HMRC’s new technical note for IHT on pensions highlights a considerably more complex and administratively demanding landscape for families dealing with estates that include pension assets.
The warning has come from legal and financial services provider Irwin Mitchell.
It said the update published on Monday raises practical concerns about how estates will be administered in real life - particularly for families and executors managing incomplete information at a time of bereavement.
Irwin Mitchell said a central issue is HMRC’s expectation that personal representatives take “reasonable steps” to identify the deceased’s pension savings.
The firm said that will be difficult without any help yet from the Pensions Dashboard, which is designed to reconnect individuals with lost pension pots.

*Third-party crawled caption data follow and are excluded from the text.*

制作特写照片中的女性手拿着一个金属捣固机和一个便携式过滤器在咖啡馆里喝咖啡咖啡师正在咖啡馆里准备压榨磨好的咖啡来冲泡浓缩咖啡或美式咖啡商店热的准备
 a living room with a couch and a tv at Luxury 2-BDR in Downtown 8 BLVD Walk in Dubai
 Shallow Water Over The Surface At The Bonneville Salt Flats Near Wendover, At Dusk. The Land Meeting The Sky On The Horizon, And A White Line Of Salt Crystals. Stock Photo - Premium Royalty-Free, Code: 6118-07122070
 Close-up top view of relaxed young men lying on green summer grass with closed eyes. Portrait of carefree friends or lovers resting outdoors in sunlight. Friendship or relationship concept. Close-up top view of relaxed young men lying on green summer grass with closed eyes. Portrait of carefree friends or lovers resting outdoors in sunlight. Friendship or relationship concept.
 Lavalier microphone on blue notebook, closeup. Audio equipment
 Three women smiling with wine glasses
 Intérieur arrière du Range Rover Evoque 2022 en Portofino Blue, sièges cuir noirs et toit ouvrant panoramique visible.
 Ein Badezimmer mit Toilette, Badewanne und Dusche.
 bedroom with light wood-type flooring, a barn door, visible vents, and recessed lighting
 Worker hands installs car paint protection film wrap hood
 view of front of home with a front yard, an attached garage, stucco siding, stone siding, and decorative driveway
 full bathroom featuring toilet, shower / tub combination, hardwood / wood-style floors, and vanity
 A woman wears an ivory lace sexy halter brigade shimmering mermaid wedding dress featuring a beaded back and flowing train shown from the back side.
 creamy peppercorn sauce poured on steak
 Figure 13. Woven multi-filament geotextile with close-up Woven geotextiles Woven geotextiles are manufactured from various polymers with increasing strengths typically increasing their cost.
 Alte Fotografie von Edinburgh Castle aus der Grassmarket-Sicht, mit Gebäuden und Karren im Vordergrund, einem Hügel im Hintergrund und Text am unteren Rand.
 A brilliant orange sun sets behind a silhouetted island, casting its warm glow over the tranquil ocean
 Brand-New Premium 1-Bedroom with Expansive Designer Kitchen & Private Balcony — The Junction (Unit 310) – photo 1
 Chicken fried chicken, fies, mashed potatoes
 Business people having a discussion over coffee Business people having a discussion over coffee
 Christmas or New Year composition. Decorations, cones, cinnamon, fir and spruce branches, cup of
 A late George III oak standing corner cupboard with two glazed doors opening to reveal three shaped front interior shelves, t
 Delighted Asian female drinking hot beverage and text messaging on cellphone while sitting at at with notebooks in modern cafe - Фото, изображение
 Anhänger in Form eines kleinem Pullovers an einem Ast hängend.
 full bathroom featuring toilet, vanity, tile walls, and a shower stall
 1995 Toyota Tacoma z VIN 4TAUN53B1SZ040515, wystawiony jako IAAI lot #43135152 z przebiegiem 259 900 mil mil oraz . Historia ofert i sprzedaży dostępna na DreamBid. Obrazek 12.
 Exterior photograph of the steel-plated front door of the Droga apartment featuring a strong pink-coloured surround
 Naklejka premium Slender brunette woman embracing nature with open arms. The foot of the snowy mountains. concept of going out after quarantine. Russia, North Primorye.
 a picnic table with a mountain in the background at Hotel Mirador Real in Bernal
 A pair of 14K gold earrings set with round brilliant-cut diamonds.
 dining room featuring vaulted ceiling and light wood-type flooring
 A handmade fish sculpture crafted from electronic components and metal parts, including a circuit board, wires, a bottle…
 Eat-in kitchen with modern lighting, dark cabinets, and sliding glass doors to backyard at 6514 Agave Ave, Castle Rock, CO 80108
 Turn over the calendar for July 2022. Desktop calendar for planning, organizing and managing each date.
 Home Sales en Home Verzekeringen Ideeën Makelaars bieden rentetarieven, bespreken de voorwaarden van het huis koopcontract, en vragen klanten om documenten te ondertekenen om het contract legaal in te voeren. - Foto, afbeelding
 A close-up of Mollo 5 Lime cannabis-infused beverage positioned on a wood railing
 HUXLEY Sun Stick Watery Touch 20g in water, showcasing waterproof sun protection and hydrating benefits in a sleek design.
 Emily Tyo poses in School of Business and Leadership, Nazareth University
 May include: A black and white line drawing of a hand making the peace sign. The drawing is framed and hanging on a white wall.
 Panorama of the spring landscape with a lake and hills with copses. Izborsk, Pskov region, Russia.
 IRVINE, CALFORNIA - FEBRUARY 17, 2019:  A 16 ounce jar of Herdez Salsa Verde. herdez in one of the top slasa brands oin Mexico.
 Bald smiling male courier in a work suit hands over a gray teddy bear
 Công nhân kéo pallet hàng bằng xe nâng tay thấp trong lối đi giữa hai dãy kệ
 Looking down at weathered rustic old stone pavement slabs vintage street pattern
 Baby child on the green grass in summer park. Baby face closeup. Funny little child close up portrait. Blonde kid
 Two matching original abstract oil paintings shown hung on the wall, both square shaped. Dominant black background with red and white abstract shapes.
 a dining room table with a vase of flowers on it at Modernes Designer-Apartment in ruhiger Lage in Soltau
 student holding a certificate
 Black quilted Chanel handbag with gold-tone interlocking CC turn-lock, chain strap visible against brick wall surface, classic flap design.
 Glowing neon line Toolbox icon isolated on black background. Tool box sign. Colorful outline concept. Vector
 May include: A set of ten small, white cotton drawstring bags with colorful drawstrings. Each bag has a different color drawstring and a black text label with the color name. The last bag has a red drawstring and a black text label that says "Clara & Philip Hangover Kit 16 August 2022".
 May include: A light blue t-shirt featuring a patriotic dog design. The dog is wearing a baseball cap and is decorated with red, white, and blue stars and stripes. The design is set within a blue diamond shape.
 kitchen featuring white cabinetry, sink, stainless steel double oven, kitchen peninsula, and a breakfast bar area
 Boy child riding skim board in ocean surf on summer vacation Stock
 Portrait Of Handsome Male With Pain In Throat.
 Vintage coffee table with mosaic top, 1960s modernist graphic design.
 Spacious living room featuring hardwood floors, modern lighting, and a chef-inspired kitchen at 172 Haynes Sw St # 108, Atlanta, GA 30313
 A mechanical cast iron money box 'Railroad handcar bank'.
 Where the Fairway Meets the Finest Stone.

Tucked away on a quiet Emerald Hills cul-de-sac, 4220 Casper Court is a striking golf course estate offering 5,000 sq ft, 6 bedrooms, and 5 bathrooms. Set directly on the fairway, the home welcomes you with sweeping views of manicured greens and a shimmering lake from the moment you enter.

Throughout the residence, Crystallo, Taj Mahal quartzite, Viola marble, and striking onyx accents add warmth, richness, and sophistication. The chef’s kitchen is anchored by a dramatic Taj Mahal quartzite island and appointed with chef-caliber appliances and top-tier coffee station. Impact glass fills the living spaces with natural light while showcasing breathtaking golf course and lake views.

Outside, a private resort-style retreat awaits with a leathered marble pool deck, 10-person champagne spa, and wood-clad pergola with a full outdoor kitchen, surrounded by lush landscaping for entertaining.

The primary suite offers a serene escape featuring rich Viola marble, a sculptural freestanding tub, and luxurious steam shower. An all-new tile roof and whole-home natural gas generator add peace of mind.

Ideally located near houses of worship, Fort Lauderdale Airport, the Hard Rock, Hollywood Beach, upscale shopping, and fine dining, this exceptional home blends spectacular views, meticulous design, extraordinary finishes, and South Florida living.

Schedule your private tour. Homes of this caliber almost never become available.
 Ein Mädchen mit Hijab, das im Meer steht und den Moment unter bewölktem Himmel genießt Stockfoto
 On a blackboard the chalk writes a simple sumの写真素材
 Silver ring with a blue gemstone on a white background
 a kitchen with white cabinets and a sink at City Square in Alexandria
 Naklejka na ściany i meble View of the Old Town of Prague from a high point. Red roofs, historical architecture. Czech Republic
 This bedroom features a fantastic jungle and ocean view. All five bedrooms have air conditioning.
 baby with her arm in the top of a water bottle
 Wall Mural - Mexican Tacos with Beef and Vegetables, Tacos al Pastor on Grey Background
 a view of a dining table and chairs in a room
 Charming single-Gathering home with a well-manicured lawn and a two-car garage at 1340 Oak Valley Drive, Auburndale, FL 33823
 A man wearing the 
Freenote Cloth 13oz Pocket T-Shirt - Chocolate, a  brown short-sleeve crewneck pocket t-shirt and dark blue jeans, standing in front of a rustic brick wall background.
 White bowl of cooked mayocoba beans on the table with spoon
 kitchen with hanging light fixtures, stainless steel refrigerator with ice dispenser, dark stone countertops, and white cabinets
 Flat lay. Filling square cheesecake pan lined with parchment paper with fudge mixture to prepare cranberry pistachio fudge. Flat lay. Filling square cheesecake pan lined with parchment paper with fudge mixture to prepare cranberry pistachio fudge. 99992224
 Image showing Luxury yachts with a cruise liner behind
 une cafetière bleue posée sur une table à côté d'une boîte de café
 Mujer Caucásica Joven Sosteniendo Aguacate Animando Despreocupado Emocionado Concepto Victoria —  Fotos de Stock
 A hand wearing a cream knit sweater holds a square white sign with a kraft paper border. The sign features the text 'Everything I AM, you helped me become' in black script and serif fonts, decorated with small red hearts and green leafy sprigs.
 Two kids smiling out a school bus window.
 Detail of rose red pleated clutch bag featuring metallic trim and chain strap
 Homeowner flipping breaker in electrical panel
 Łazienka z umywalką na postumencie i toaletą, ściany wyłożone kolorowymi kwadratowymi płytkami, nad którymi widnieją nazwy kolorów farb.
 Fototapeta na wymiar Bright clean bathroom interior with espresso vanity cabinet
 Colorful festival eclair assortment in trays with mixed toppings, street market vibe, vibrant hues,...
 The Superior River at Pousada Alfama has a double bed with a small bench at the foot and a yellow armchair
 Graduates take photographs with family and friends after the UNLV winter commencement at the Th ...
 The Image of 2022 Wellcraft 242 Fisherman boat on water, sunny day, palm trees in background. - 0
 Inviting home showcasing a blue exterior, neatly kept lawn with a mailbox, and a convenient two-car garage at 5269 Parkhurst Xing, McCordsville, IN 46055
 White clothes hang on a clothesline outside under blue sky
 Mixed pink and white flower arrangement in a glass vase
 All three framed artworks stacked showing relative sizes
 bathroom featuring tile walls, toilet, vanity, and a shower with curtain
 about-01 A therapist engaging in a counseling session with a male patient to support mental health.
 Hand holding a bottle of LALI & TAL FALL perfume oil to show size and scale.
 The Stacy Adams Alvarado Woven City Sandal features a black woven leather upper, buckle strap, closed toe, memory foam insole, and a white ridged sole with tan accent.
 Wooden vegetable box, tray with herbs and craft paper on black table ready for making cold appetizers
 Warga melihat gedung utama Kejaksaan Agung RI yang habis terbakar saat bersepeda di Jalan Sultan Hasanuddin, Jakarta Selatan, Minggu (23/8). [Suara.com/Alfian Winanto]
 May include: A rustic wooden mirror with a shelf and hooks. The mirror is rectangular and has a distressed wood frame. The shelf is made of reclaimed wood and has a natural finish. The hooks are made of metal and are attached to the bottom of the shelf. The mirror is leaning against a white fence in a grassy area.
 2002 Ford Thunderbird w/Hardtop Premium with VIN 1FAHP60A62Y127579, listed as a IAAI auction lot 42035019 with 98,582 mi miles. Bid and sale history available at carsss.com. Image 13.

It warned that in practice, families often face fragmented records, historic workplace schemes and multiple providers.
With no definitive guidance yet of what constitutes reasonable steps, executors risk uncertainty, delay and increased personal exposure when administering estates.
Penny Cogher, pensions partner at Irwin Mitchell, said: “HMRC’s technical note is an important step forward for the new IHT pensions regime, but it does demonstrate how technically demanding pension‑related inheritance tax will be in practice.
“Pension scheme administrators will be looking for scheme members to take more upfront responsibility with their pension savings in this regard."
She said administrators will expect all ages of scheme members to have clear, up-to-date, expression of wishes forms lodged online with the pension providers so, on being notified of a death, the pension providers can rapidly assess the position and make a decision as to who should receive the pension benefits.
Ms Cogher said: “If the pension benefits are to be paid to the spouse, then importantly, even under the new regime, no IHT is payable on those pension benefits, due to the usual spouse exemption from IHT.”
HMRC has indicated that this week’s technical note forms part of a wider programme of work, with further regulations and public‑facing guidance expected ahead of implementation from April 2027.
HMRC said that final guidance for the new tax regime will be published next spring.
But that’s just a few weeks before the new system comes in, pointed out Tim Camfield, principal at LCP. He warned: “It could leave schemes struggling to update member communications and information ahead of the go-live date.”